Nearly 70 per cent of listed companies suffered losses in the first quarter of this year, yet listed companies as a whole have managed to pay dividends in the first half of the year totalling a combined 23 trillion dong (over $1 billion), according to a report in the publication Dau tu Chung khoan (Securities Investment).
This number is even higher than the total value of shares offered for public sale in the first six months, which was just nearly 5.47 trillion dong ($260.5 million), the report stated.
A number of firms have even paid dividends up to three times on profits posted in fiscal 2011, amounting to up to 40-50 per cent of their charter capital. These companies included Tay Ninh Rubber Co (TRC), healthcare equipment maker MEINFA Co (MEF), gas trading company CNG Vietnam Co (CNG) and Yen Bai Forest Agricultural and Foodstuffs Co (CAP).
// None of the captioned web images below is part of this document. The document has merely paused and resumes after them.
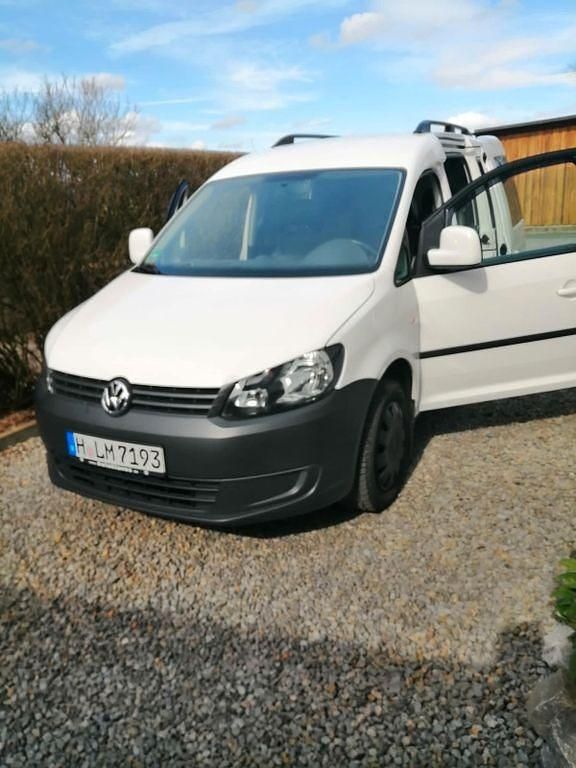 Weiß Gebraucht 2014 VW Caddy Cup Van / Kleinbus | 10.500 € (Etwas zu teuer) - Bild 1/4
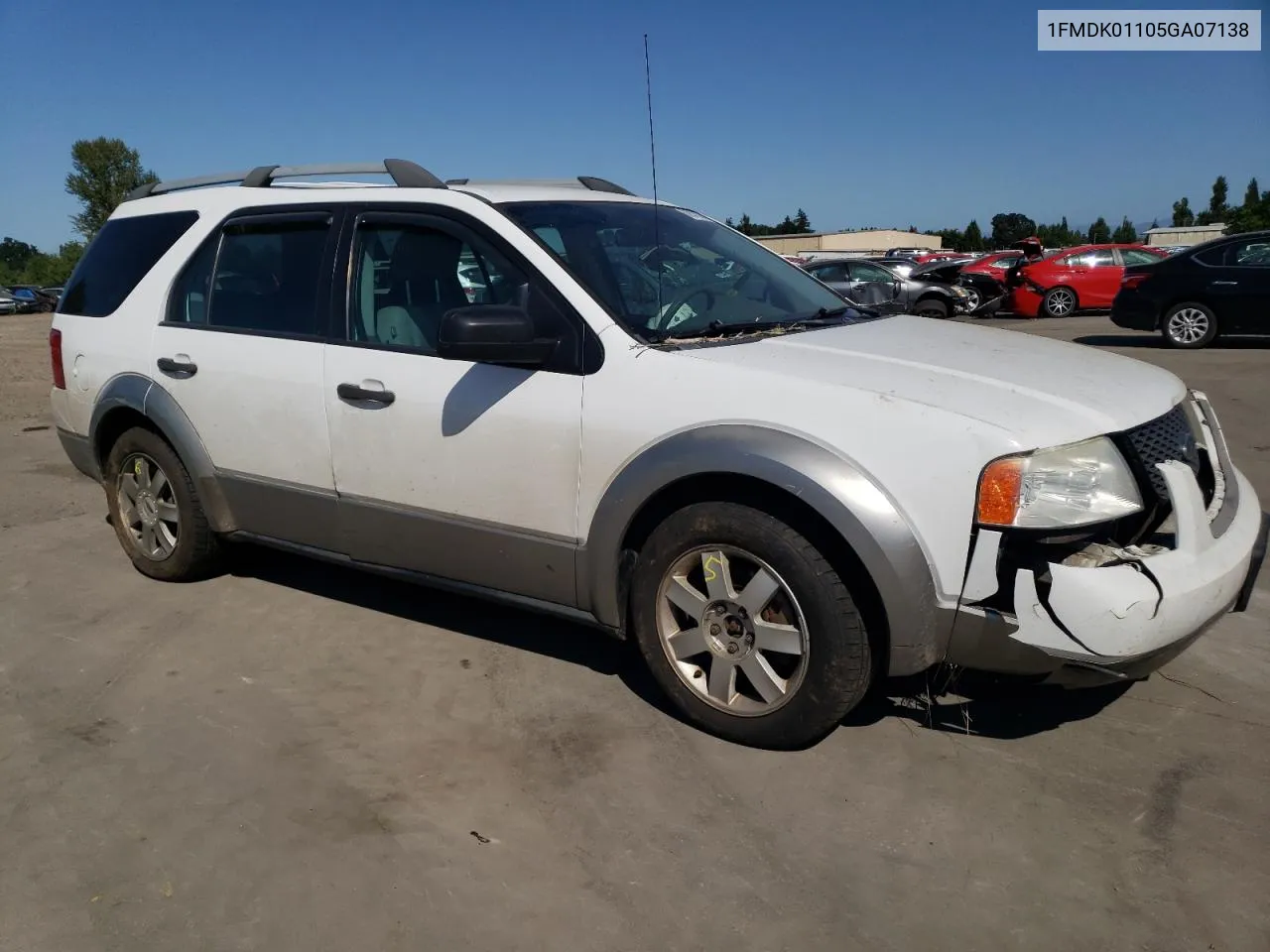 2005 Ford Freestyle Se VIN: 1FMDK01105GA07138 Lot: 62676064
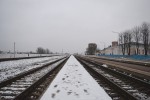 Вид станции в сторону Могилёва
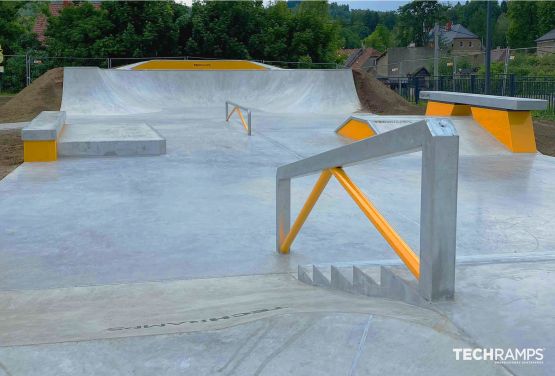 Skatepark Techramps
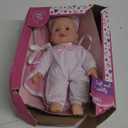 11 inch Soft Body Boy Baby Doll in Gift Box - Doll Pacifier Included -Toy Dolls for Boys and Toddlers (Caucasian)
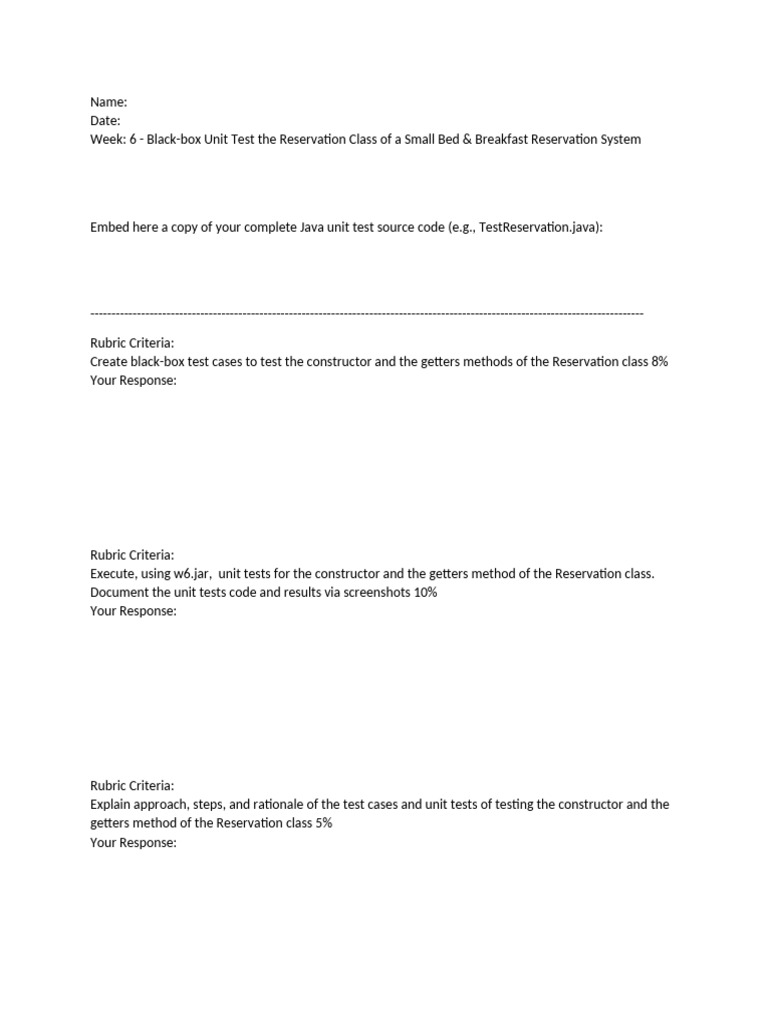 Submission | PDF | Unit Testing | Technology Development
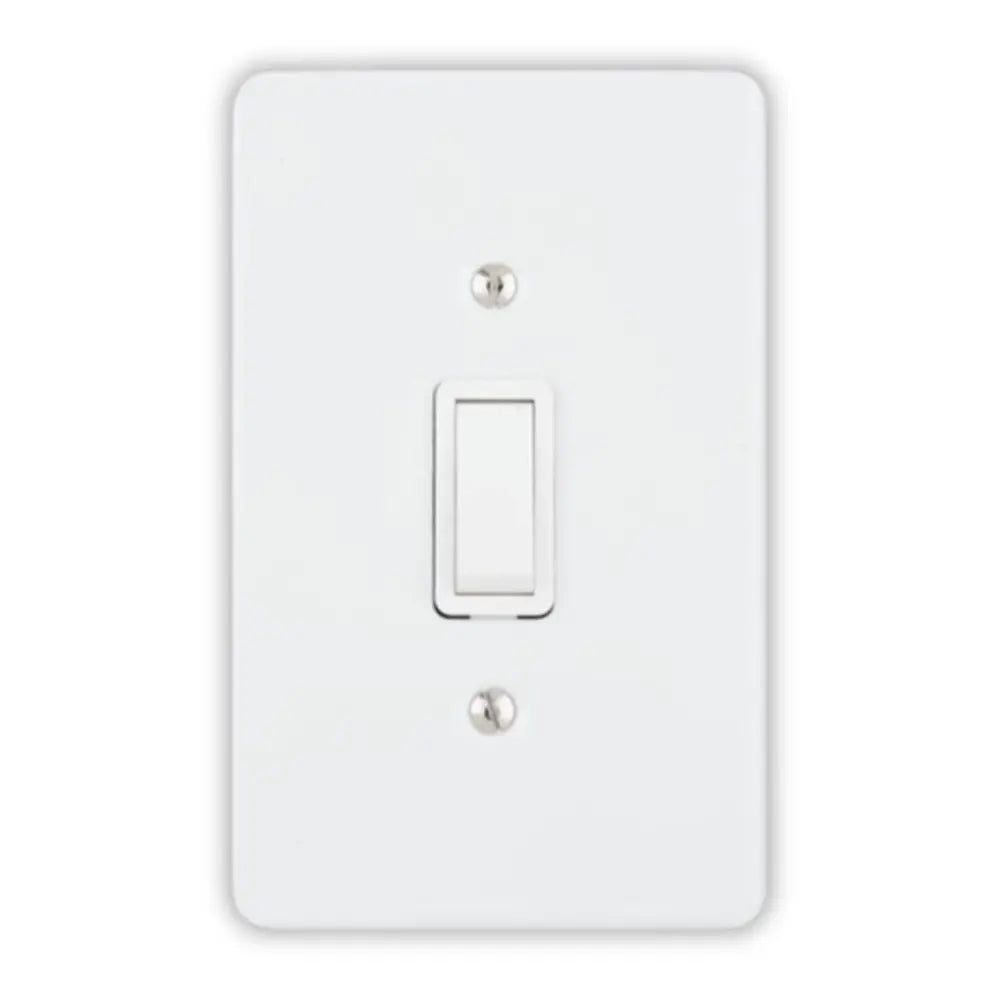 Whitehouse Lighting And Electrical Crabtree 2W 4x2 1Lever Switch  Crabtree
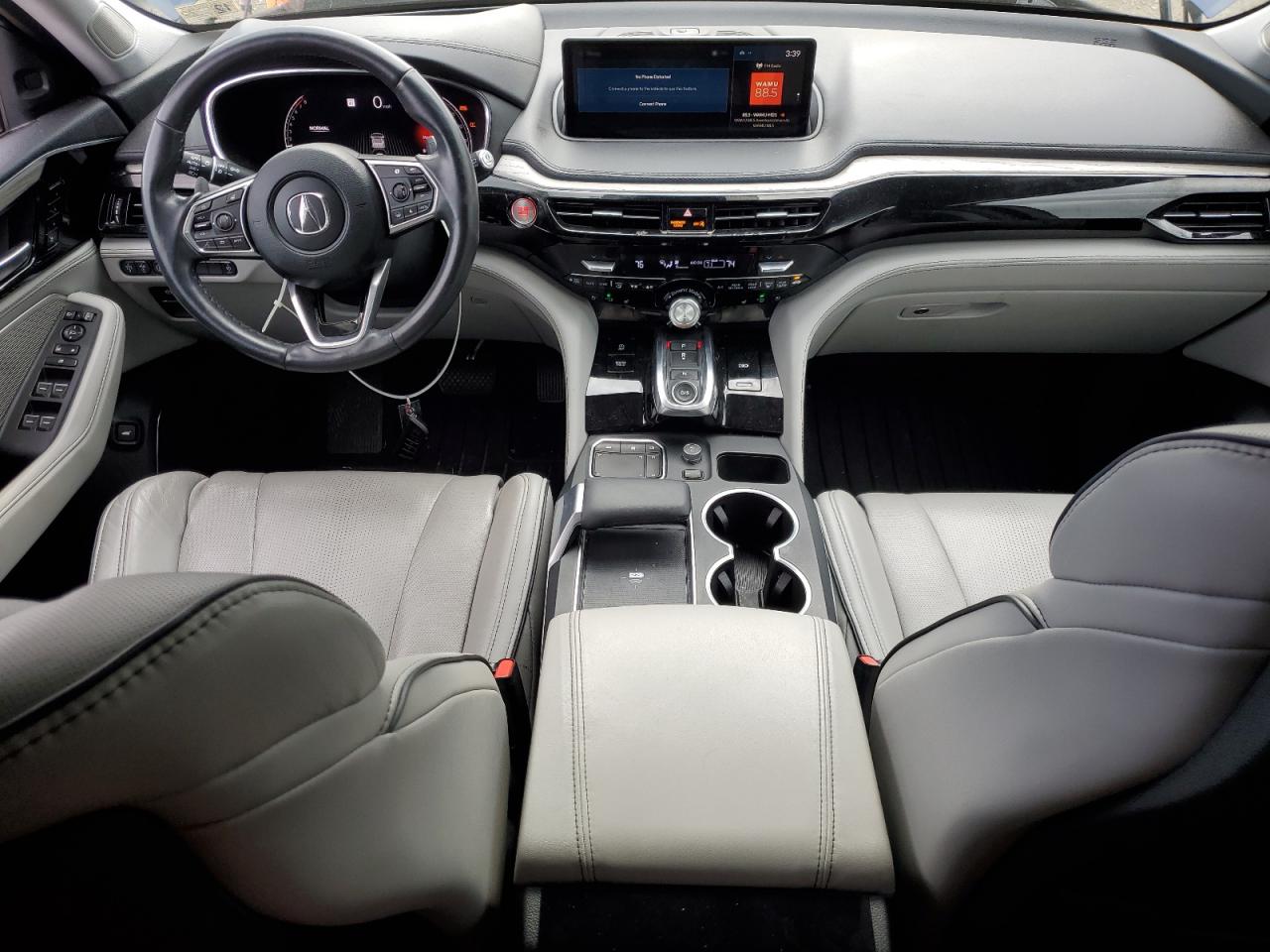 2022 Acura Mdx Advance VIN: 5J8YE1H87NL030740 Lot: 87310505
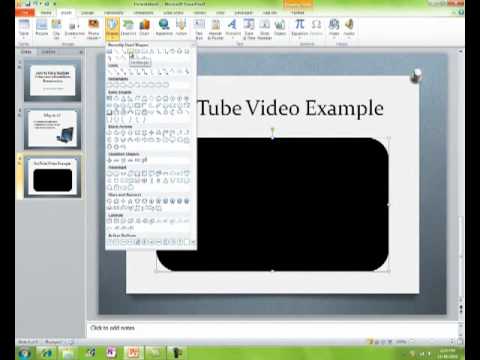 how to provide hyperlink in powerpoint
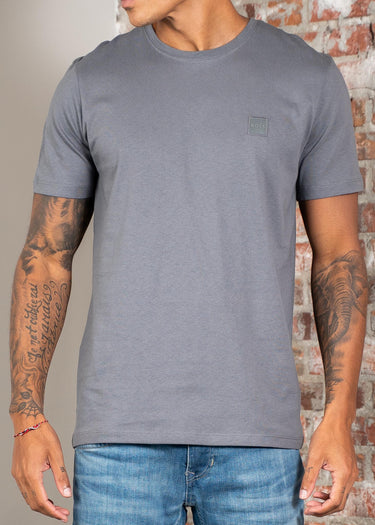 Hugo Boss T-shirts Tales - open grey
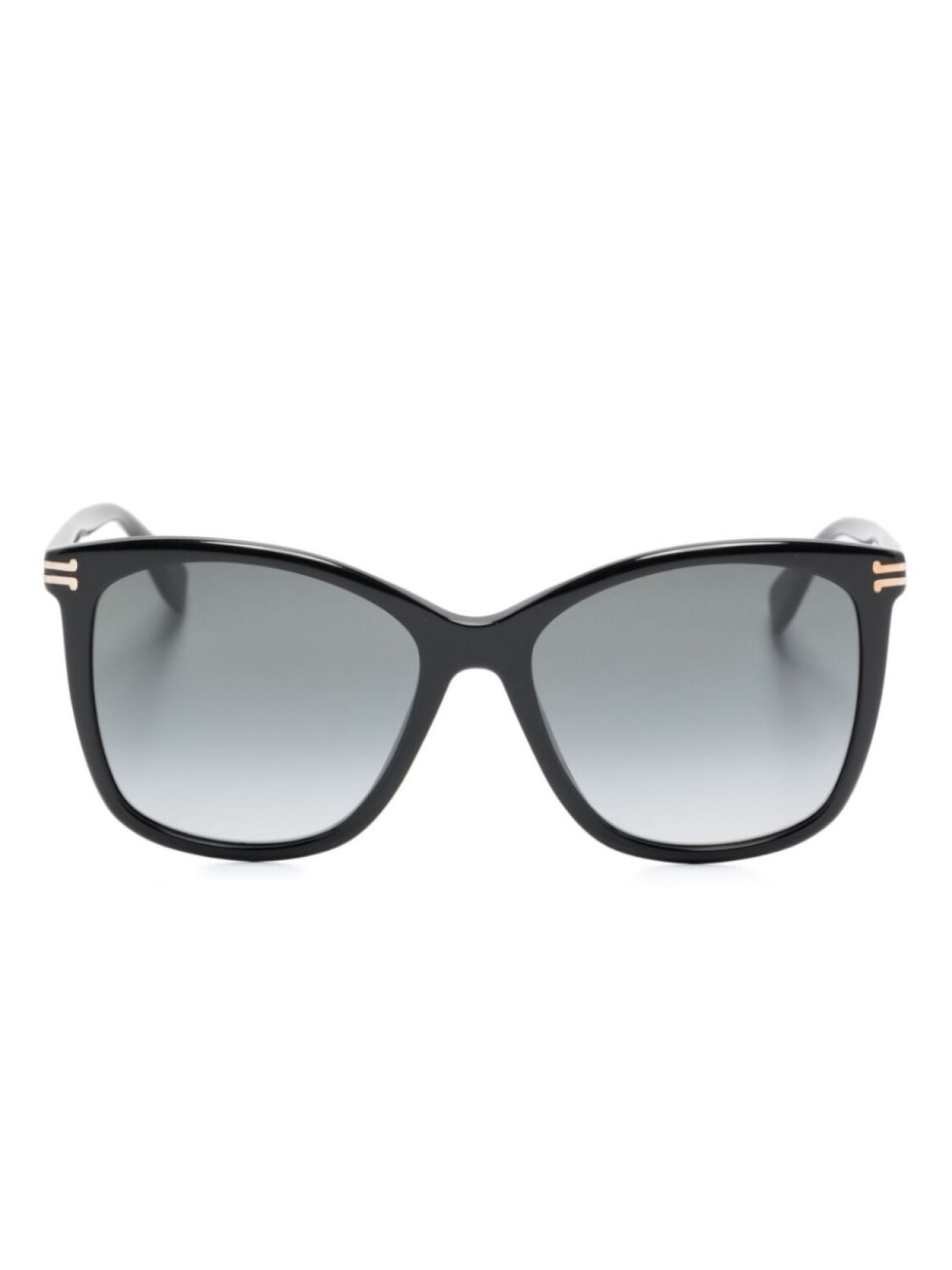 

Marc Jacobs Eyewear солнцезащитные очки 1106/S в геометричной оправе, черный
Commercial banks were also among the most generous in paying dividends. Vietcombank (VCB) paid a rate of 12 per cent, worth over 2.78 trillion dong ($132.4 million); Eximbank (EIB) spent over 2.38 trillion dong ($113.5 million) to fund a 19.3-per-cent rate; and Asia Commercial Bank (ACB) paid 20 per cent, worth over 1.87 trillion dong ($89.3 million).
Many blue chips, such as PetroVietnam Gas (GAS), dairy producer Vinamilk (VNM), Phu My Fertiliser (DPM) and insurer Bao Viet Holdings (BVH), also paid healthy dividends totalling 800 billion dong ($38 million) to over 2 trillion dong ($95 million).
At the other end of spectrum, real estate, coffee and seafood firms were experiencing hard times, and those that managed any dividends at all paid them in shares and not in cash. Others delayed planned payments, with up to 20 companies postponing their dividend payouts due to the lack of funds on hand.
According to analysts, efforts by listed companies to pay dividends in this difficult economic climate should be hailed as it helps improve investor confidence in the stock market. However, companies are advised not to try to raise money to pay cash dividends on the other as it puts them at risk of default.